Why and how to delete content in bulk for SEO
Whenever I mention deleting content in bulk to clients or colleagues, I’m usually met with some form of skepticism or doubt. This is usually wrapped up in several different positions, all of which make sense.
Many times, great efforts were made to produce this content, and deleting it is a blow to the emotions. Beyond the emotional hit is the financial one – content costs money, and good content costs real money. Throwing it away seems like such a waste.
And then there is skepticism around the concept – why would deleting content ever be a good idea? If Google doesn’t like it, they just won’t rank it, right? Bummer, but let’s not throw the baby out with the bathwater, right? It could rank in the future.
We have deleted content in bulk on many websites at our agency, and a recent case study I shared on Twitter surfaced a lot of questions.
Let’s first dive into the idea of deleting content from a theoretical point. Then, let’s look at the scenario I was up against and why, in this case, deleting content in bulk made sense. Finally, the results from our specific use case.
Why delete content?
There are several reasons to consider deleting content in bulk on a website, but the two most pertinent are related to low-quality content and authority/relevance.
Ever since Google launched the Panda update in 2011, their algorithms have been on the hunt for low-quality content. Panda has been permanently embedded into the core algorithm now, so websites no longer have to be impacted by a specific algorithm update to see the effects of low-quality content.
Google evaluates low-quality content on a page-by-page basis but does aggregate all of the indexed pages when they evaluate a website for quality. In other words, the quality of individual articles can affect how your entire site ranks.
Better put, here is what Google’s Gary Ilves told Search Engine Land’s Barry Schwartz about Panda:
“[Panda] measures the quality of a site pretty much by looking at the vast majority of the pages at least. But essentially allows us to take [the] quality of the whole site into account when ranking pages from that particular site and adjust the ranking accordingly for the pages.”
Google’s John Mueller has also discussed this concept multiple times, saying low-quality content on one part of your website can affect your entire website’s rankings.
Deleting the content that Google determines as “low quality” isn’t a silver bullet. However, as part of a larger strategy aimed at improving content quality and increasing topical authority, it can make sense.
Here’s a great article on this concept by Glenn Gabe.
Authority and relevance
Newer to the conversation than Panda is the concept of a website having topical authority. This is closely related, and oftentimes similar, to the idea that Google’s algorithms need to see your content as relevant to what your website is an authority on.

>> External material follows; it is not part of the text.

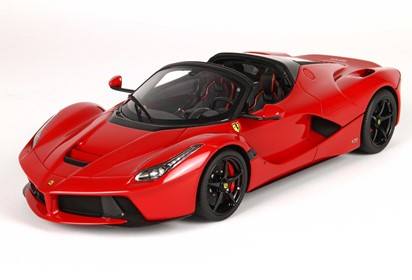 LaFerrari Aperta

Mueller commented on this in a 2021 Office Hours, saying:
“For search engines, you are building out your reputation of knowledge on that topic. If Google can recognize that a site is good for the broader topic, then it can surface that site for broader queries on the topic as well.”
There are many ways to build topical authority, for example:
- Adding backlinks from other websites that are authorities on the topic.

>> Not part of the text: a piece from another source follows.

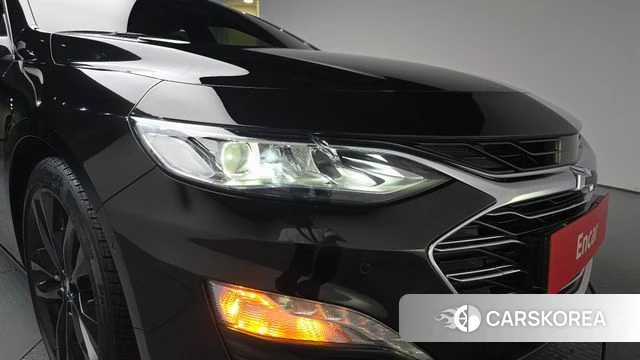 Chevrolet (GM Daewoo) The New Malibu id 4615196 из Кореи 14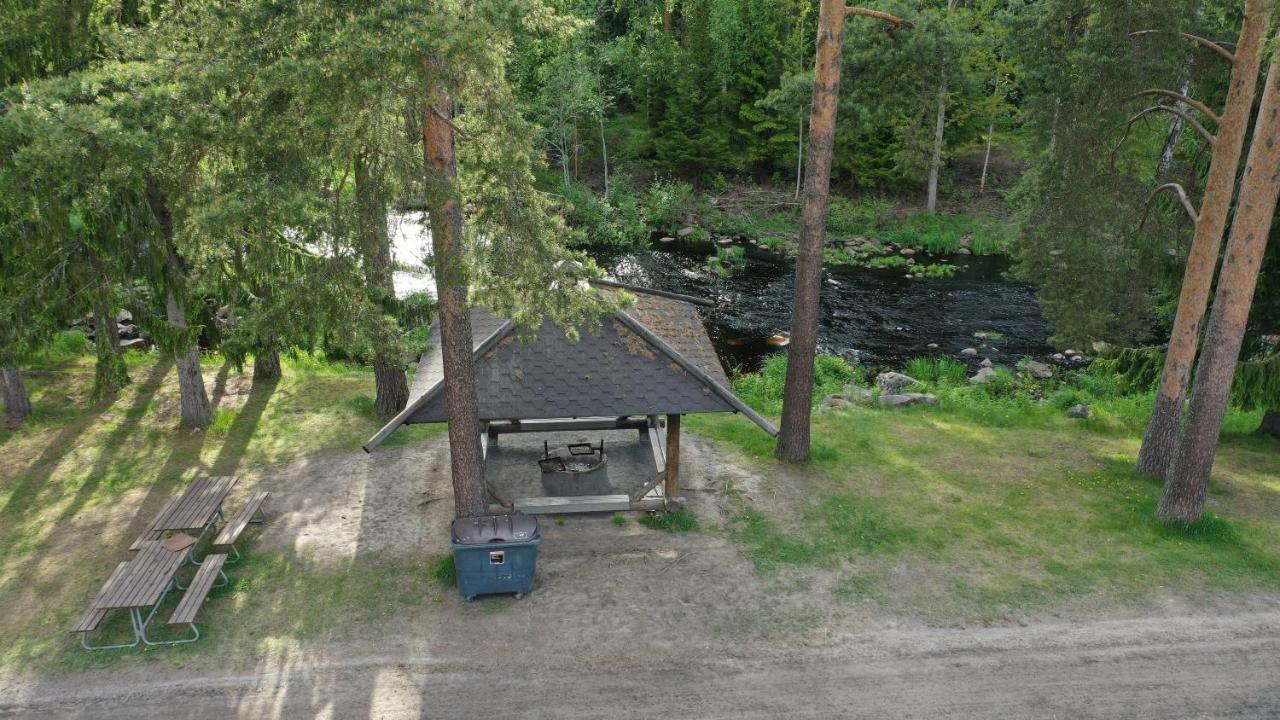 Seinaejoen Leirintaealue Seinäjoki Exterior foto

- Controlling relevance through internal links and anchor text.
A favorite approach to gaining topical authority is publishing a lot of highly relevant, in-depth content on the topic. With a good base of helpful content on a topic, Google is much more likely to trust you for that topic by giving you higher rankings.
However, for the same reasons that this approach works when done right, it can also hurt the website when done wrong.

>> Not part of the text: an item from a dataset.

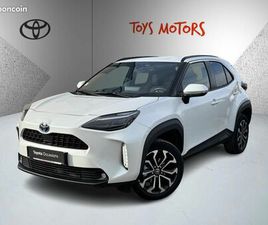 TOYOTA YARIS CROSS TOYOTA YARIS CROSS HYBRIDE 1.5 HYBRID 116H DESIGN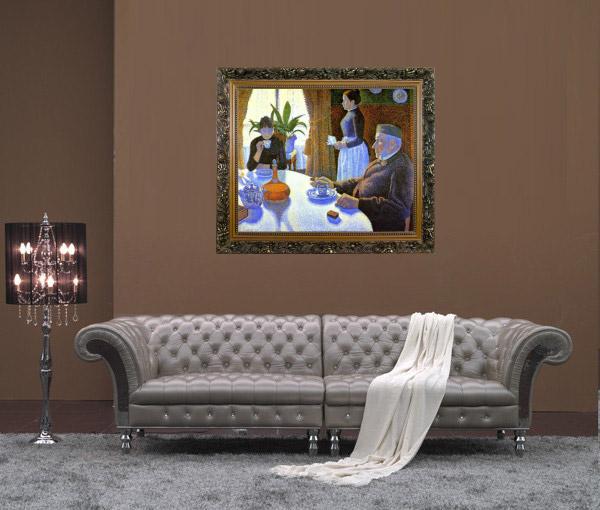 oil paintings gallery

Publishing content about a lot of topics, without building out topical authority on each of those topics, can dilute your website’s overall authority.
There are several ways to fix topics that are not well built out. In a perfect world, you’d prefer to fully build out that topic with lots of rich, in-depth content. However, this takes time and a healthy budget.
Deleting content is often a simpler and quicker approach.
Let’s dive into one specific situation.
The website we were working on primarily focused on one product line in the fashion niche. Since its inception in 2018, the brand built content around this product. The website ranked well for a variety of terms around this product.
In mid-2019, the brand started to expand into two more related product lines. At a glance, these three products seemed to make sense as they all fell under one umbrella.
Throughout the first part of 2020, the website started to gain some traction in rankings and organic traffic for these two new product lines. However, June 2020 was where that traction peaked.
For the second half of 2020, traffic and rankings started to decline across all parts of the website. By early 2021, traffic was down 40% from its previous June 2020 high.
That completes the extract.